As of now, I still think she'll get a nomination. I'm struggling to think of who will replace her.

We're looking at Nicole Kidman from Being the Ricardos, Olivia Colman from The Lost Daughter, and Lady Gaga from House of Gucci, all of which are in films that are on the Best Picture bubble. We're looking at possibly another Best Actress lineup where few or none of the actress' journeys are in films that the Academy also honors as among the year's best overall. Despite her film bombing, Jessica Chastain also seems to be in the running, which I'm perfectly fine with. I'm very hit or miss on her in general but she's quite good in the film. She should please do things like this in the future.

Generally, we can agree those are the four. Who's up? Kristen Stewart is certainly in the running although she's faced certain obstacles you've listed above. If truly voters just aren't enamored with her performance in Spencer and don't like her as an actor, who reaps the benefit?

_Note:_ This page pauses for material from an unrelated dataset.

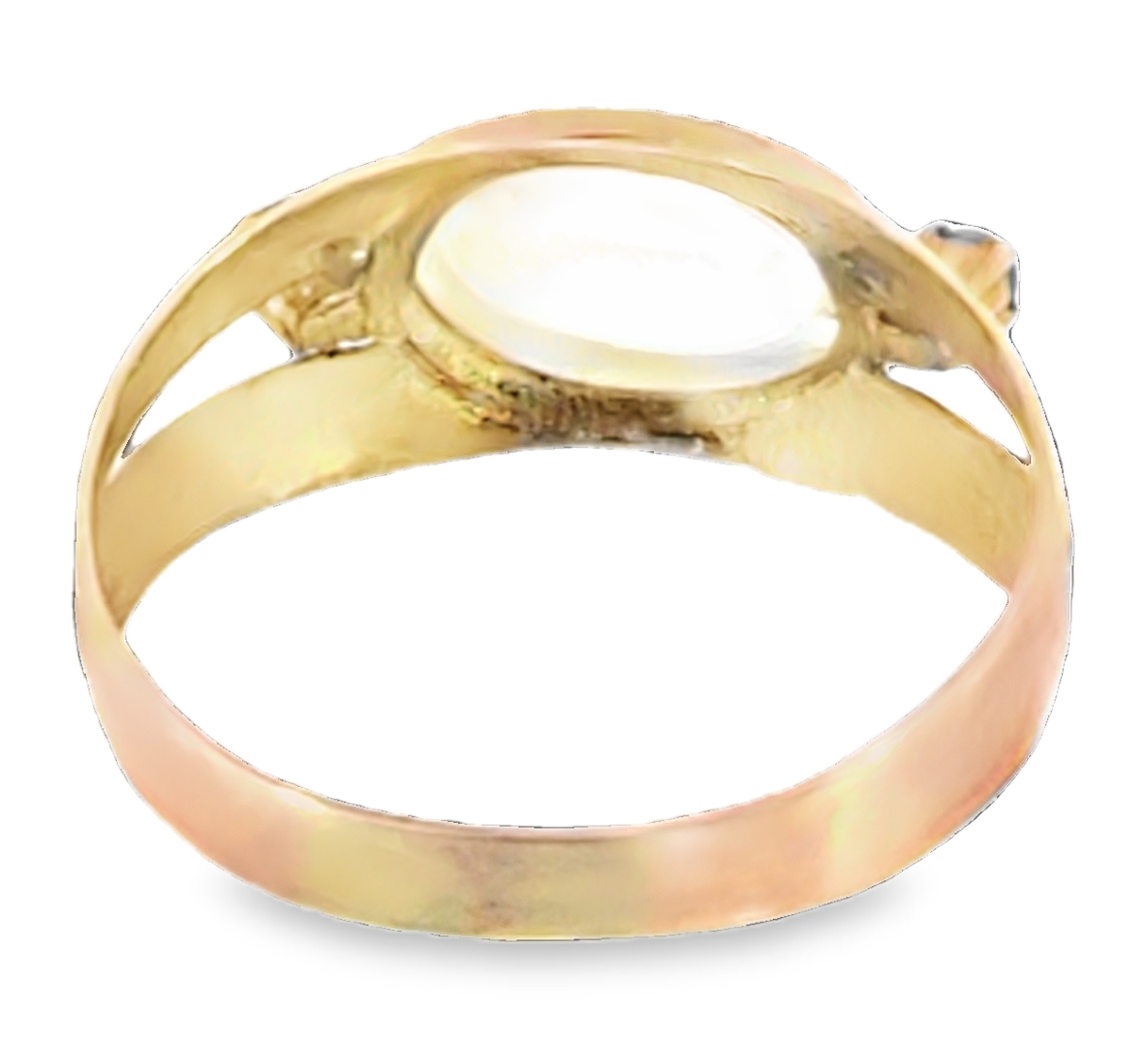 Moonstone Genuine Gemstone Set with Blue Sapphire's in 9 KT Gold Lady's Ring, H95 - Image 3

But who's that going to be? Is is Jennifer Hudson going to pick up the fifth nomination for Respect? I haven't seen Respect but it seems to have the inverse issue that Spencer has: more popular with audiences than critics. I don't mean to minimize Jennifer Hudson's performance (I'm sure she's good) but I wonder if this is the case of SAG-AFTRA being more enthusiastic about a film about race, gender, etc, than the Academy.

Penelope Cruz? She might be the critic's choice (no Globe or SAG though; perhaps a BAFTA?) but I get the sense that Parallel Mothers isn't quite the hot ticket this season. But Pain and Glory wasn't either and Penelope Cruz is already in the club, so...

Rachel Zegler has a National Board of Review Award and a Golden Globe. That should do it, right? And yet, I don't get the feeling that anyone thinks she's any sort of a sure thing. Is it due to West Side Story's falling chances (or perception) or that her Golden Globe was a bit more for Musical than Performance? If Alana Haim won, we'd certainly be talking about her rising chances.

Alana Haim getting nominated would be lovely, wouldn't it? If we knew how enthusiastic more Academy looped-groups were about Licorice Pizza overall maybe we should start taking her more seriously. Same with Emilia Jones.

I'm not going to include Renate Reinsve. Everyone I know wants to see this film but it just seems as though her film is being kept a secret for too long.

Honestly, the more I write this, the more I think Penelope Cruz's chances might be underrated. I'm not much a fan of her film but it's a very clear, emotive performance.